As we parked the car and began to navigate our way through the pre-parade crowd, my son turned to me and asked genuinely, “Why do we celebrate Pride?” The question caught me off guard because I realized that in his world having two moms, friends with trans fathers, and a group of friends with queer parents was normal. He did not know that when I grew up, there was no one that was openly gay. Being gay was seen as a “bad thing” and meant risk of being ostracized or worse from your friends, family, and community. He did not know that I moved to Chicago, because it was the first place, I felt like I had the opportunity to find a community, love, and a hope of creating a family. He did not know that I had to go to Canada to get married because it was not legally recognized in most states in 2006. He did not know that during my first Pride Parade, I had to march past blocks of protesters that were happy to tell me I was going to Hell. He did not know about the hundreds of thousands of queer people that died and fought so that we could be a family unit today.
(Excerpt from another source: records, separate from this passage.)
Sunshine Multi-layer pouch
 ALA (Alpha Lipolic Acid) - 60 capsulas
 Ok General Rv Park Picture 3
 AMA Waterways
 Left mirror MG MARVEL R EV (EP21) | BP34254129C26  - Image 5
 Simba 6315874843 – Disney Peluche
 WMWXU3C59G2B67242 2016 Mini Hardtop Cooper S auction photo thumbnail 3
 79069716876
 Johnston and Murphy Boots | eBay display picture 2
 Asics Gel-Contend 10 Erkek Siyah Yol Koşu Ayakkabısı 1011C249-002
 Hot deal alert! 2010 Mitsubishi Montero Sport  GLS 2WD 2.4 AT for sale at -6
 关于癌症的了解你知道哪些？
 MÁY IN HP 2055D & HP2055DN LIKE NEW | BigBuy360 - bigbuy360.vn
When I reflect now on this same question, I am humbled by the advocates and the everyday people that were bold and brave to be out despite the risks of stares, mocks, violence, and discrimination. They are my heroes that paved the way and helped me learn that true happiness comes when we embrace our true selves. I constantly strive everyday to set this example for my children, so they inherit a world in which people are celebrated for their authenticity, and people do not care who you love. It is heartening to see how far we have come in my 40+ years; however, we still have a ways to go. LGBTQI+ youth continue to be disproportionately represented in the child welfare and juvenile justice systems, and LGBTQI+ people still do not have many protections in place to avoid discrimination in the work place, housing, and schools.  This past year I was elected as the first openly queer person on our local school board. I was surprised that in 2021 I was the first; however, I am hopeful that I will not be the last. Representation matters, and we need to continue to be bold, step up, and fight for equity for all.